# Sat. and Sunday Goon Report



## redbone24 (May 1, 2007)

I think me and tanner saw you guys in the morning! we were in the gheenoe that had 3 people in it. we ended up catching 3 reds but we got there really late. hopefully tanner can post those pics.


----------



## Ron_W. (Dec 14, 2006)

Great weekend


----------



## tom_in_orl (Dec 9, 2006)

Nice weekend! All though..... you might want to have that camera checked. :


----------



## kicker (Dec 16, 2006)

redbone, i was wondering if that was anybody from on here.

tom, i sent the camera back to nikon cause the lens got jammed and the camera wouldnt work at all. it came back and now all it does is take blurry picks  err its only 6 months old too


----------



## tom_in_orl (Dec 9, 2006)

IFA is in town next weekend.
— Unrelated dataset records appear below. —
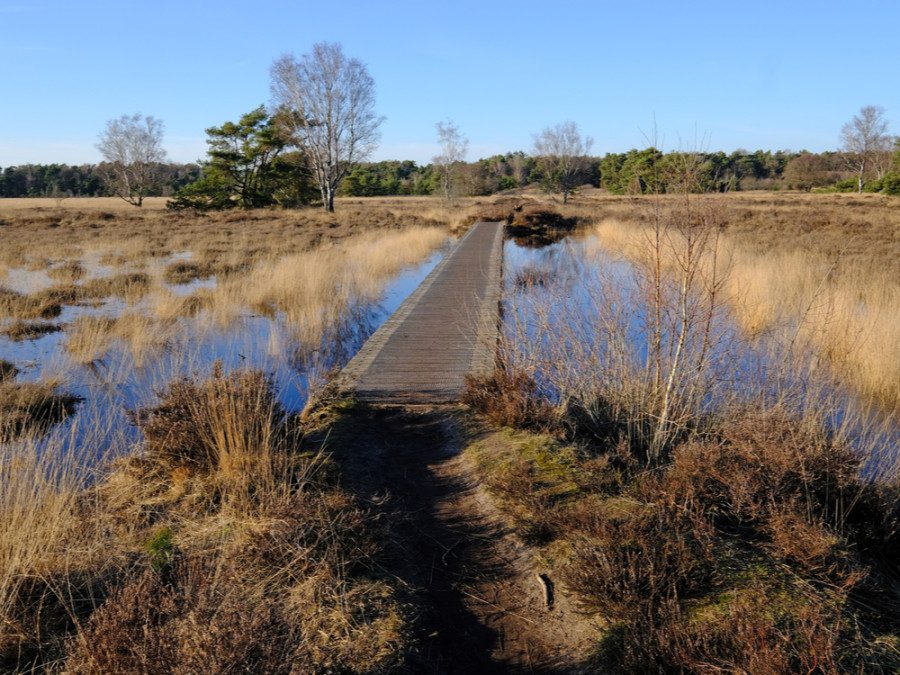 buurserzand1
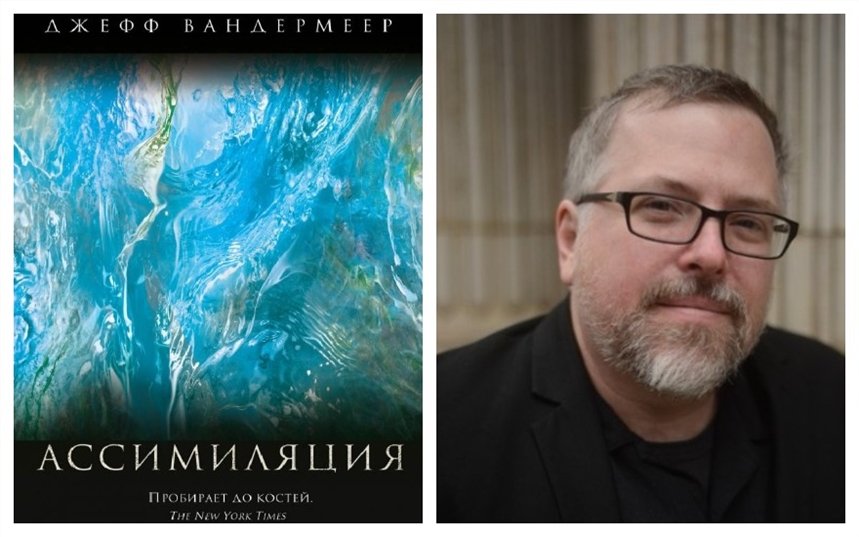 Ассимиляция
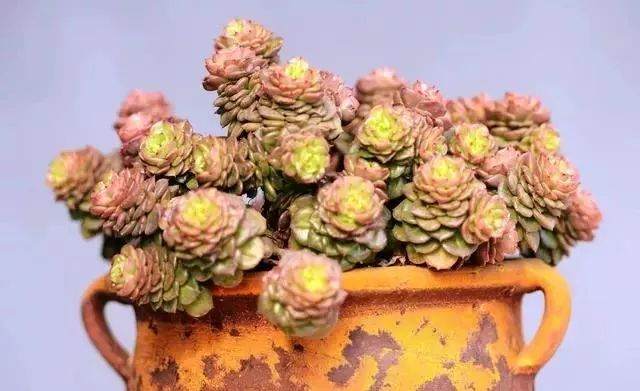 冬天来了 快来看看多肉怎么过冬?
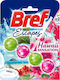 Bref Power Block with Scent Hawaii 4x51ml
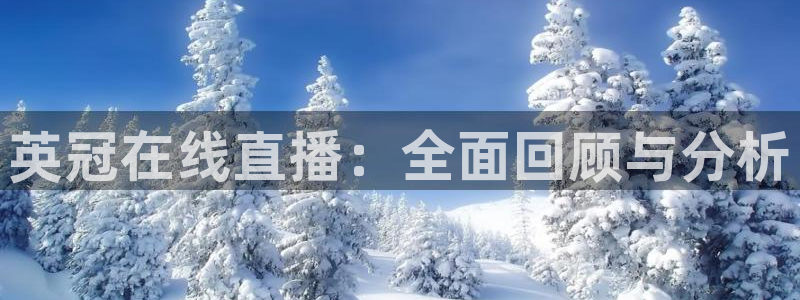 nba直播在线观看24直播网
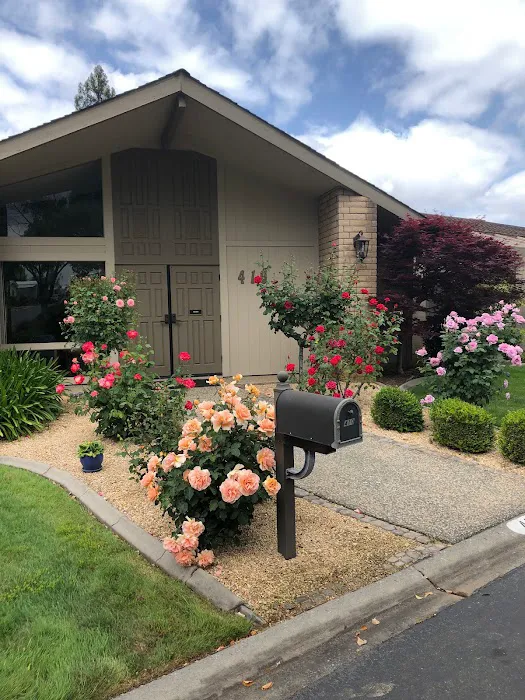 Lakeside Village Mobile Home Park Picture 3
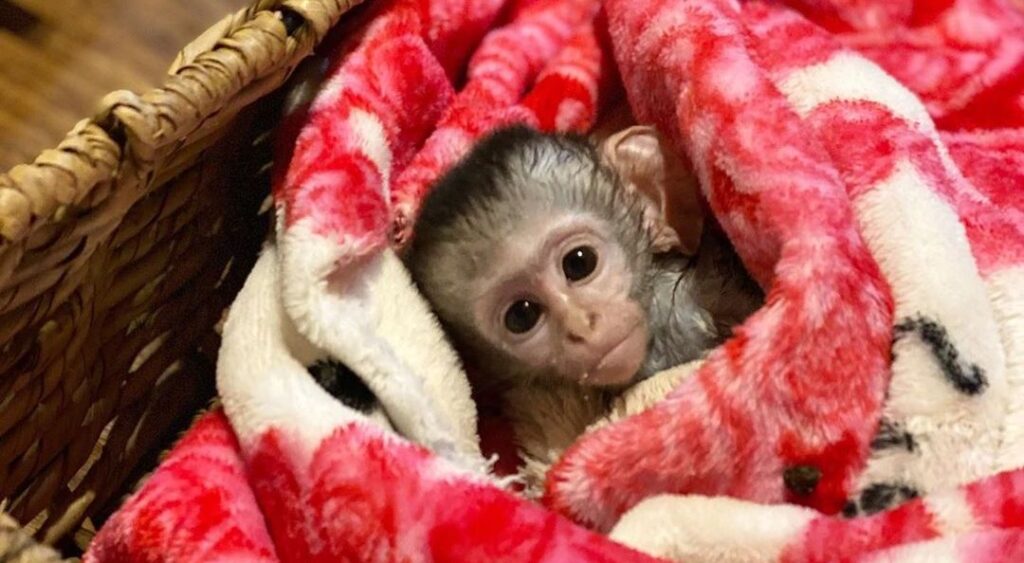 baby monkey wrapped in blanket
Sure would suck for those guys if a couple of boats climbed up their a$$ while they were fishing the tournament. I would be money they will be in that exact same spot come tournament time.

Good thing you didn't post the boat name or the major sponsor on the wrap. There might be a bunch of forum members looking for them. Karma can be a $hitty thing sometimes. ;D ;D ;D ;D ;D


----------



## JRH (Mar 18, 2007)

Nice weekend.


----------



## aikido09 (Apr 2, 2007)

Great feesh kicker!!!


----------